It’s always exciting to be asked to speak at a commencement. Each and every time I’ve had this privilege, I think about artist Andy Warhol and the now-famous words he included in the printed program for a 1968 exhibition of his work in Stockholm: “In the future, everyone will be famous for 15 minutes.”
Well, it’s 2016. . . the future. But I’m fully aware of the fact that even though I’m standing up here in front of all of you and you’re looking at me, this isn’t my 15 minutes. In fact, the reality is that I’m the most insignificant and first-to-be-forgotten part of this day.
How do I know that?
I’ve been thinking back to my own college graduation thirty-eight years ago. It was 1978. I graduated from Geneva College with your Provost here at Simpson University, Dr. Copeland. I remember it like it was yesterday. . . sitting there. . . looking around. . . taking it all in. . . my friends. . . the whole thing. I didn’t want to lose the moment. I remember the ceremony ending with the singing of our Alma Mater, and I got a big lump in my throat while tears streamed down my eyes. An amazing four years coming to an end. I remember it all. But I have absolutely no idea who spoke or what he or she said.
I was hoping I was alone in this experience. . . that it was just me. But sadly, that’s not so. Every time I’ve been asked to speak at a commencement I survey people. . . this time on Facebook. . . and I ask these questions:
- Do you remember your college graduation?
- What do you remember about it?
- Do you remember who spoke?
- Do you remember anything the speaker said?
Here’s a small sampling of what I’ve heard from folks. . .
- “What do I remember? My diploma folder was empty because I had to complete my coursework over the summer.”
- “I remember nothing about the actual ceremony except that it was a zillion degrees outside. Everyone had their gowns unzipped.”
- “Some business guy spoke. . . I think.”
- “I remember a little. Ted Turner was our commencement speaker, and I remember thinking, ‘Wow! This guy is unimpressive.'”
- “I remember being there. It was a very windy day. That’s about it.”
- “Someone spoke? Are you sure?”
- “It was fine, but I felt slighted because our school President gave the commencement speech, rather than someone cool.” (Well, you guys get neither today?)
- “It was game 6 of the Western Conference Finals! Don’t remember anything else.”
- “I had my picture taken with my girlfriend. Two weeks later, she gave me the heave-ho!”
This is an impossible task!
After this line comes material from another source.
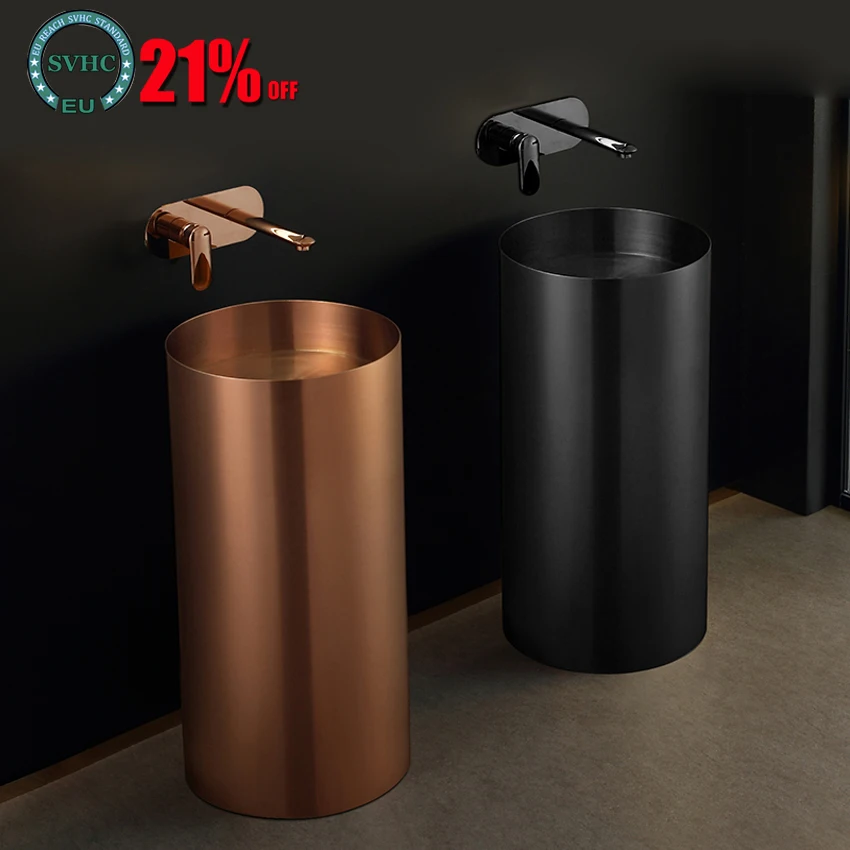 

Напольная раковина из нержавеющей стали, смеситель, медный слив, сливная труба, входная труба 70 см, светильник, роскошная раковина для ванно...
So, what can I say that might be truthful, be meaningful, be helpful, be important. . . and maybe remembered?
What I will not say today is this. . .
- “Dream Big!”
- “Carpe Diem”
- “Change the world!”
- “Believe in yourself!”
- “Imagine it. . . and make it happen!”
- “Follow your heart!”
- “You can be and do anything if you put your mind to it!”
Reality is, that’s nothing but a bunch of hooey. . . and I’ll leave those messages to Oprah wherever she might be speaking today.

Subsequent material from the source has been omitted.